Smokers have shorter lives than non-smokers. On average, smoking takes 15 years off your life span. This can be explained by the high rate of exposure to toxic substances which are found in cigarette smoke.

Smoking can also be dangerous for unborn children. Mothers who smoke are more likely to suffer from miscarriages, bleeding and nausea, and babies of smoking mothers have reduced birth weights or may be premature. These babies are more susceptible to sudden infant death syndrome and may have lifelong health complications due to chest infections and asthma.

It is never too late to give up smoking, even those who have smoked for 20 years or more can realize tremendous health benefits from giving up the habit.

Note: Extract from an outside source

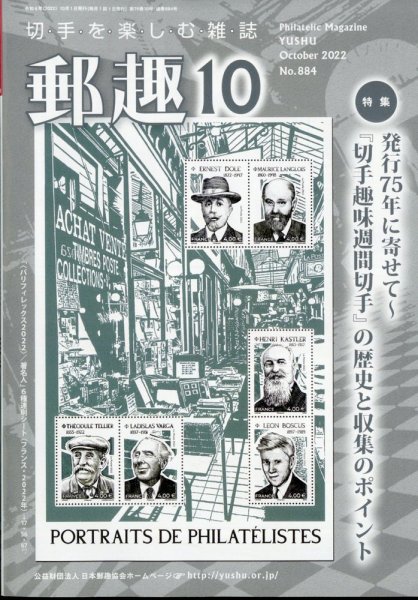 郵趣 2022年10月号 (発売日2022年10月03日) 表紙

How to Quit Cigarette Smoking

If you are a smoker or you associate with people that smoke, you need to know that tobacco use is one of the most important causes of heart attack globally. In today's modern world, tobacco use is the most important risk factor for greater relative risk for persons under the age of fifty of the fifty.

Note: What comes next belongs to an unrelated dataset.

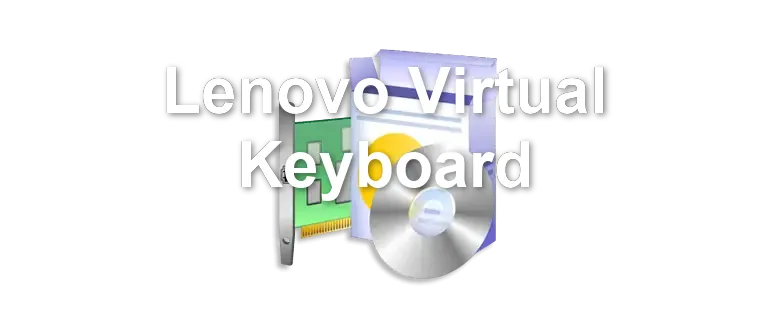 Lenovo Virtual Keyboard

Smoked or chewed, first-hand or second-hand, all kinds of tobacco, in whatever form they are used, cause heart attacks and there is more than enough evidence to prove that tobacco use increases other adverse health conditions.

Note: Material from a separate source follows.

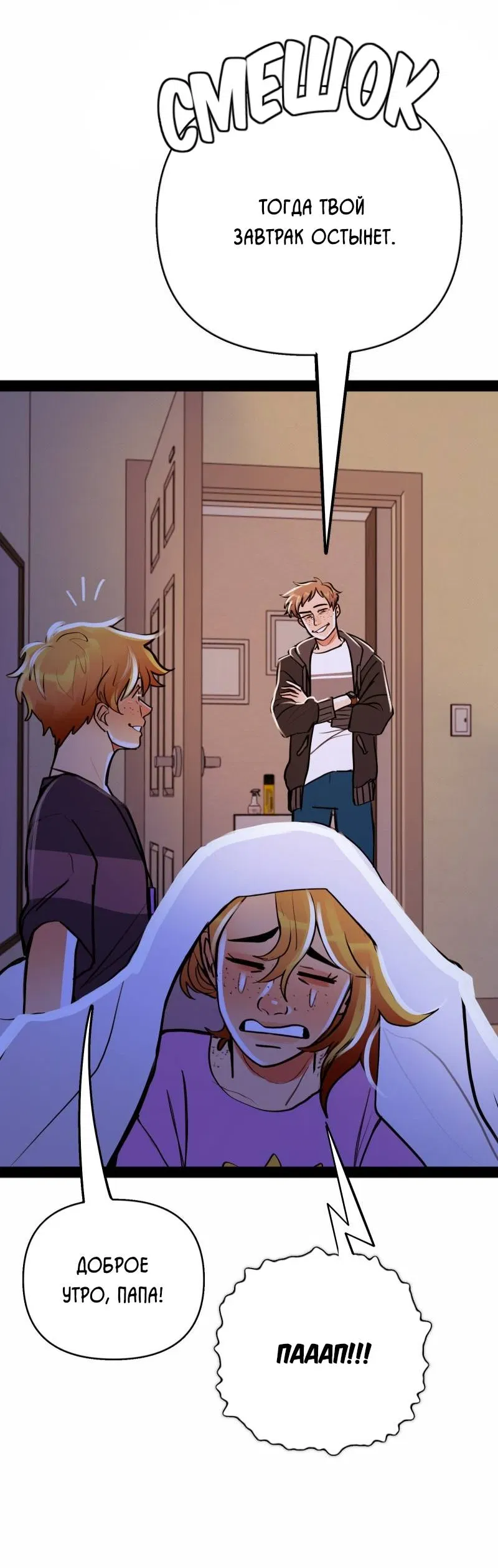 Манга Звездолов - Глава 48 Страница 38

Dangers of tobacco smoking are particularly severe and while it is often very difficult to think of ways in which tobacco use is beneficial, it is all too easy to mention the ways in which it is a health hazard. To be exact, all forms of tobacco use, including different types of smoking and chewing of tobacco and inhalation of second-hand smoke are potentially hazardous and should be discouraged.

On its own, cigarette smoking is as widespread and significant as a risk factor that it has been described as "the leading preventable cause of disease and death". Second-hand smoke may be even more dangerous than previously thought. The fact is that smoking remains the leading cause of preventable death and has negative health impacts on people at all stages of life. It harms unborn babies, infants, children, adolescents, adults and the elderly.

Besides containing addictive nicotine, cigarette smoke contains chemicals which damage the lungs and other parts of the respiratory system and increases the risk of development of cancer of the lungs and respiratory system.

Tobacco smoke raises blood pressure but decreases the circulation of oxygen to the brain and body. Cigarette smoking is also a significant risk factor for other various disorders, including emphysema, chronic bronchitis, stroke, and osteoporosis and contributes to early menopause. Smoking has been linked to cancer of the lungs, mouth, esophagus, pancreas, kidney, bladder and cervix.

Research shows that there are at least sixty chemicals in cigarette smoke that are cacogenic. Cigarette and tobacco smoke contain highly toxic chemicals like carbon monoxide, ammonia, formaldehyde, arsenic and cyanide which are all produced as cigarette burns.

Smoking is associated with higher levels of chronic inflammation, another damaging process that may result from oxidative stress. Smokers have a higher risk of developing a number of chronic disorders including fatty buildups in arteries, several types of cancer and chronic obstructive pulmonary disease (lung problems). Atherosclerosis (buildup of fatty substances in the arteries) is a chief contributor to the high number of deaths from smoking.

The dangers of smoking cannot be exhaustively explained. To really Quit Cigarette Smoking, you must always ask yourself the reason why you are about to light up that cigarette. If you find out that it's got no sensible reason, DROP IT.

2 comments:

Anonymous said...

The smokers and the tobacco chewers residing in the district of South Carolina would pay additional taxes amounting to about $25 a month to the state health insurance. This law would come into affect from 2010. http://www.chantixhome.com

angelina diaz said...

smoking is not good for health.It causes major diseases.smoking cigarette contain nicotine,nicotine is highly toxic substances which is responsible for causing lung cancer,asthma,sexual dysfunction.